Architect Notebook .... CONTEXT FOR DESIGN


This is a gross over-simplification but serves to demonstrate that all architects work within an established sociopolitical framework which, to a greater or lesser extent, inevitably encourages or restricts their creative impulses, a condition which would not necessarily obtain with some other design disciplines like, for example, mechanical engineering (which, incidentally, thrived under totalitarianism).


This brings us to another well-worn stance adopted by progressive architects; that architecture (unlike mechanical engineering) responds in some measure to a prevailing cultural climate in which it is created and therefore emerges inevitably as a cultural artifact reflecting the nature of that culture.

 Certainly the development of progressive architecture during its so-called ‘heroic’ period after the First World War would seem to support this claim; architects found themselves at the heart of new artistic movements throughout Europe like, for example, Purism in Paris, De Stijl in Rotterdam, Constructivism in Moscow or the Bauhaus in Weimar and Dessau.


And within this complex picture loomed aburgeoning technology which further fueled the modernist’s imagination.
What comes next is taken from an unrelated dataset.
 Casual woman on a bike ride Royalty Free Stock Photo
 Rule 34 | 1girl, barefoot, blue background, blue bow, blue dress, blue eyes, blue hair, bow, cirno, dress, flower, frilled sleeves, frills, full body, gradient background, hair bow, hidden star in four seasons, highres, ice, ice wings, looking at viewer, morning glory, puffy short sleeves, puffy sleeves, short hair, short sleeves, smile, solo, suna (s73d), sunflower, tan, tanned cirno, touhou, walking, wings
Architects were quick to embrace techniques from other disciplines, most notably structural and mechanical engineering and applied physics to generate new building types. The development of framed and large-span structures freed architects from the constraints of traditional building techniques where limited spans and loadbearing masonry had imposed variations on an essentially cellular plan type.


In 1971 Norman Foster designed an office building for a computer manufacturer in Hamel Hemp stead whose principal requirement was for a temporary structure. Foster used a membrane held up by air pressure, a technique not normally applied to architecture, but which offered the potential for speedy dismantling and re-erection on another site.


The translucent tent provided diffused day lighting and lamp standards were designed to give support in the event of collapse. Whilst this contextual ‘snapshot’ firmly articulates an orthodox modernist position, the so-called post-modern world has offered a range of alternatives borrowed from literature and philosophy which in turn has offered architects a whole new vocabulary of form-making well removed from what many had come to regard as a doctrinaire modernist position.